Iran launched the attack in retaliation for what it says was an April 1 Israeli air strike on its embassy compound in Damascus, and signalled that it did not seek further escalation.

While the attack caused no deaths and limited damage, it has increased fears of open warfare between the long-time foes and fuelled concerns that violence rooted in the Gaza war is spreading.

US President Joe Biden told Netanyahu at the weekend that the United States, which helped Israel blunt the Iranian attack, would not take aprt in an Israeli counter-strike.

Since the war in Gaza began in October, clashes have erupted between Israel and Iran-aligned groups in Lebanon, Syria, Yemen and Iraq. 

Israel said four of its soldiers were wounded hundreds of meters inside Lebanese territory overnight.

Iranian President Ebrahim Raisi
Iran will respond to any action against its interests, President Ebrahim Raisi says.

It appeared to be the first such known incident since the Gaza war erupted, although there have been several exchanges of fire between Israel and Lebanon's armed group Hezbollah.

"We're on the edge of the cliff and we have to move away from it," Josep Borrell, the European Union's foreign affairs chief, told Spanish radio station Onda Cero. 

"We have to step on the brakes and reverse gear."

French President Emmanuel Macron, German Chancellor Olaf Scholz and British Foreign Secretary David Cameron made similar appeals. 

Washington and United Nations Secretary-General Antonio Guterres also have called for restraint.

White House national security spokesman John Kirby declined on Monday to say if Biden urged Netanyahu in talks on Saturday night to exercise restraint in responding to Iran.

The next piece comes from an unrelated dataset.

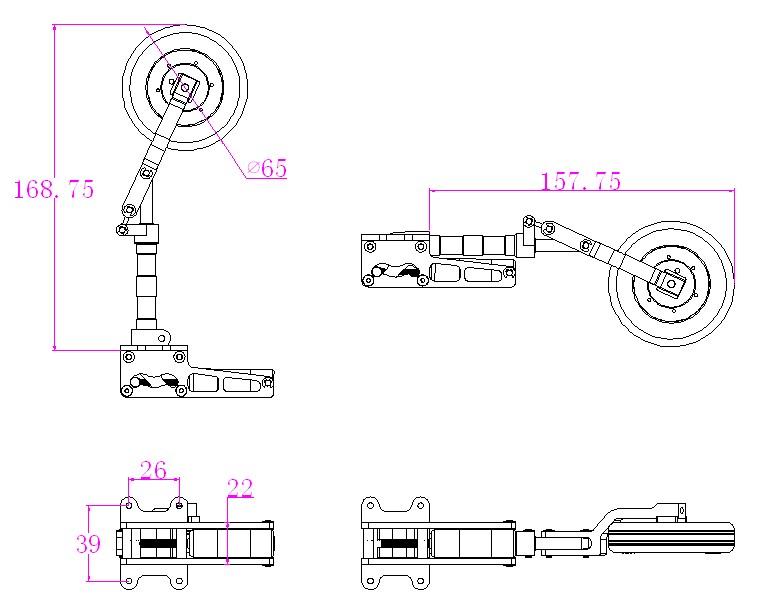 JP Hobby Alloy Electric Retracts Landing Gear Set (3 retracts) with Brake wheel For 90-120mm Jets rc Plane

"We don't want to see a war with Iran. We don't want to see a regional conflict," Kirby told a briefing, adding it was for Israel to decide "whether and how they'll respond."

In a call between the Chinese and Iranian foreign ministers, China said it believed Iran could "handle the situation well and spare the region further turmoil" while safeguarding its sovereignty and dignity, according to Chinese state media.

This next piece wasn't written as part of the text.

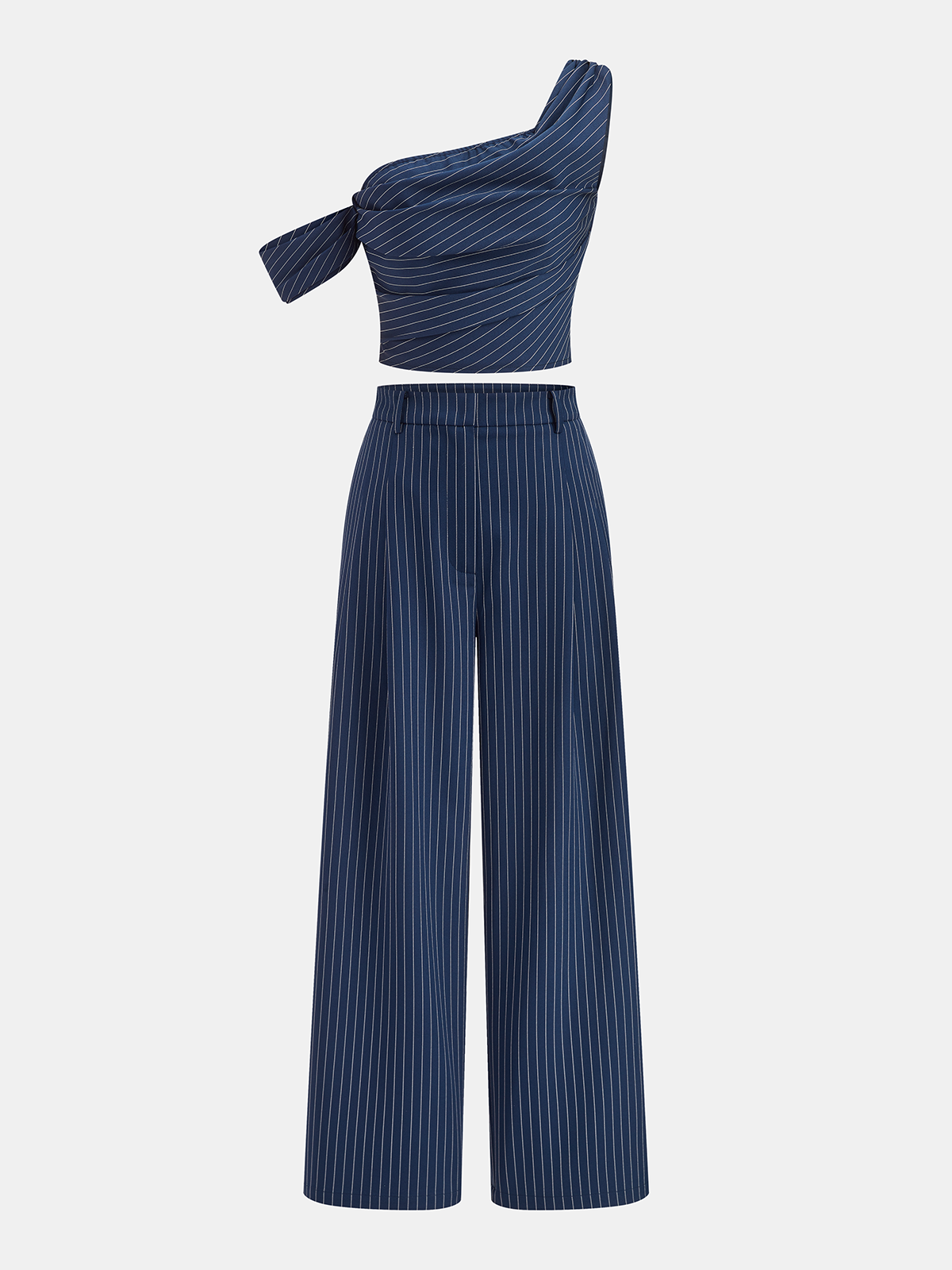 One-Shoulder Striped Top & Pants Set for Elegant Evening Wear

Russia has refrained from publicly criticising its ally Iran but has also urged restraint.

"Further escalation is in no one's interests," Kremlin spokesman Dmitry Peskov said.

Iran's retaliatory attack, involving more than 300 missiles and drones, caused modest damage in Israel and wounded a seven-year-old girl.

Most were shot down by Israel's Iron Dome defence system and with help from the US, Britain, France and Jordan.

A model of a missile is carried by Iranian demonstrators in Tehran
Iran launched its attack in response to what it says was an Israeli strike on its embassy in Syria.

In Gaza, where more than 33,000 Palestinians have been killed in the Israeli offensive according to Gaza health ministry figures, Iran's action drew applause.

Israel began its campaign against Hamas after the Palestinian militant group attacked Israel on October 7, killing 1200 people and taking 253 hostages by Israeli tallies.

British Prime Minister Rishi Sunak said the Group of Seven major democracies were working on a package of co-ordinated measures against Iran.

Italy, which holds the rotating G7 presidency, said it was open to new sanctions and suggested any new measures would target individuals. 

Iran's attack has disrupted travel, with at least a dozen airlines cancelling or rerouting flights, and Europe's aviation regulator reaffirming advice that airlines use caution in Israeli and Iranian airspace.